In the course of my PhD studies, many little tasks came up that can be efficiently solved with one-liners on the command line. In the following, I want to give a (by no means exhaustive) list of those little helpers in the hope that they may be as useful to others as they have been for me.
Shebang
* #!/bin/bash
Make executable
* chmod u+x
Counting
* lines: wc -l <FILE>
* words: wc -w <FILE>
Comparing two files (outputs lines in the second that aren't contained in the first)

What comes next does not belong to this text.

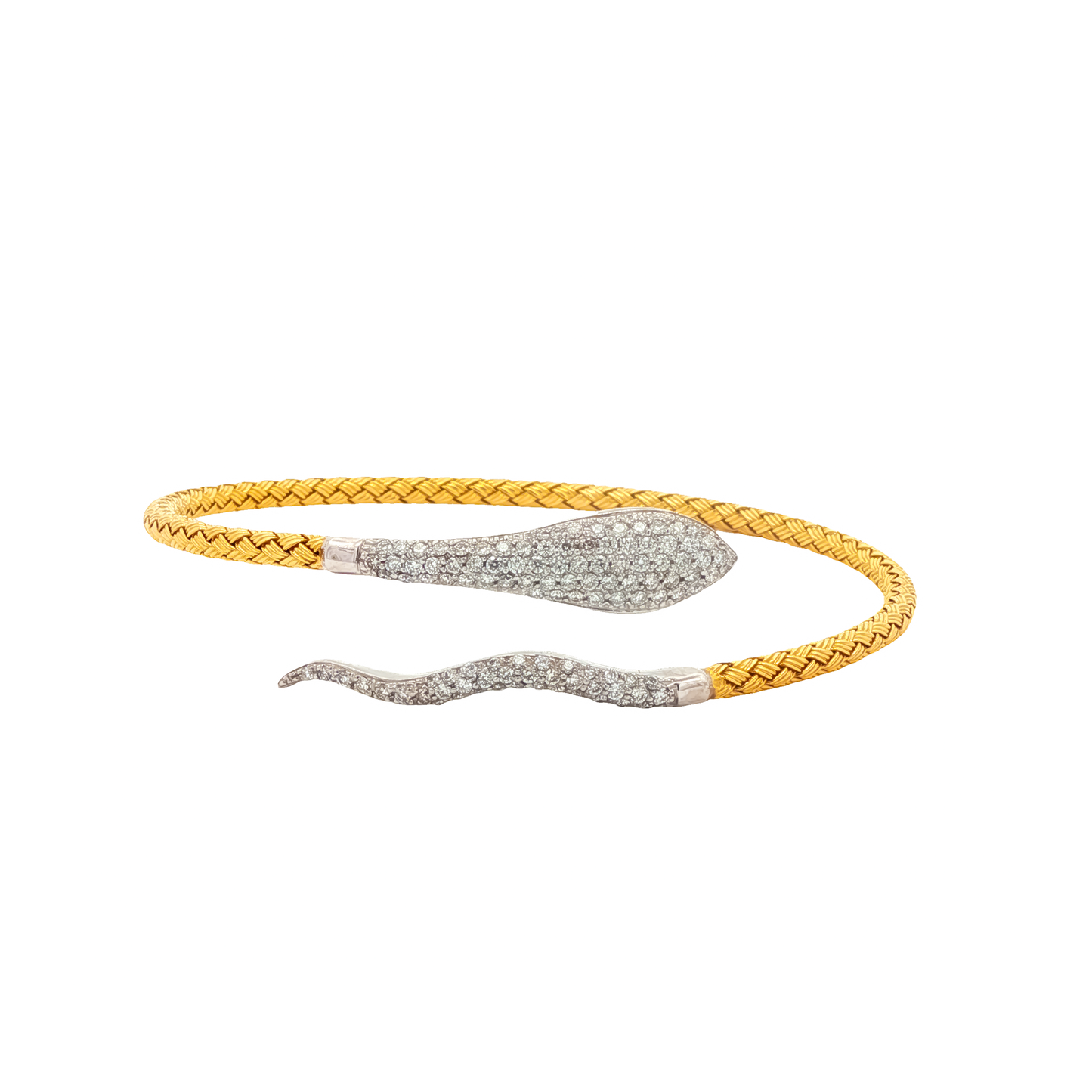 King Jewelers Diamond Snake Bangle Bracelet 14K Yellow Gold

* grep -Fxv -f <FIRSTFILE> <SECONDFILE>
Appending to file
* >> <FILE>
Overwriting file
* > <FILE>
Get attribute from list of jsons
* jq ".ATTR" <FILE>
Remove ""
* tr -d '"'
Twitter Error Codes
* 50 User not found. Corresponds with HTTP 404. The user is not found.

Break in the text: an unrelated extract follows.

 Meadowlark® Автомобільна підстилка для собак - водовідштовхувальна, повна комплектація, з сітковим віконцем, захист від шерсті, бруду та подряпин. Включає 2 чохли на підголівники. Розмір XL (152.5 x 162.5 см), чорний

* 63 User has been suspended. Corresponds with HTTP 403 The user account has been suspended and information cannot be retrieved.
Get Processes
* ps -eaf | grep <USERNAME>
Subset tsv
* awk -F $'\t' '$2 > 0.5 && $2 !~ /^Error:/' <TSVFILE>
Get file size
* ls -sh
Copy from linenumber to end
* sed -n '<linenumber>,$p' <FILE>
Output only unique values
* awk '!_[$0]++' <FILE>
Json values to tsv
* jq --raw-output '"\(.<first>)\t\(.<second>)"'
Grep ignore upper/lowercase:
* grep -i
Remove users with errors
* awk '!/^Error/' <FILE> > <FILECHECKED>
Write to table
* jq --raw-output '"\(.user.id_str)\t\(.scores.universal)"' <FILE> > <TABLEFILE>
Filter error messages and display user ids that have to be tried again
* awk '/^Error/' <FILE> | awk '!_[$0]++' | grep -v '^Error: Not\|Error: user' | awk '{print $NF}'
Get current path
* pwd
Create textfile
* cat > <FILE>
Search directory of text files for pattern
* grep --exclude=*.* -rnw . -e "Error"
Count number of files in directory
* find . -type f | wc -l
Sort directory chronologically
* ls -t (most recent on top)
* ls -tr (most recent at bottom)
Split file in x number of lines per file
* split -l <x> -a 1 <FILE> <prefix>
Search for pattern in file names in directory
* ls -dq *pattern*
Remove folder
* rm -rf <FOLDER>
Show line number of occurences
* grep -n <pattern> <FILE>
Split in x groups
* split -n l/x <FILE> -a 1 <prefix>
Set delimiter in awk
* awk -F'<delimiter>'
Find out about encoding and line endings of text file
* file <FILE>
Grep all mentions
* grep -o "\w*@\w*"
Remove mentions (@+<username>) from tsv of tweets
* gawk -F$'\t' '{gsub(/@[[:alnum:]_][[:alnum:]_]*/,""); sub(/^[ ]+/, "", $<COLUMN>); print}' <FILE>
Do the same as above, but build up tsv correctly again
* gawk -F$'\t' '{gsub(/@[[:alnum:]_][[:alnum:]_]*/,""); sub(/^[ \t]+/,"",$3);print $1"\t"$2"\t"$3}' <FILE> > <FILE_CLEANED>
Remove last line:
* head -n -1 <FILE>
If there is something not working with text files that you don't understand, it is very often an encoding issue!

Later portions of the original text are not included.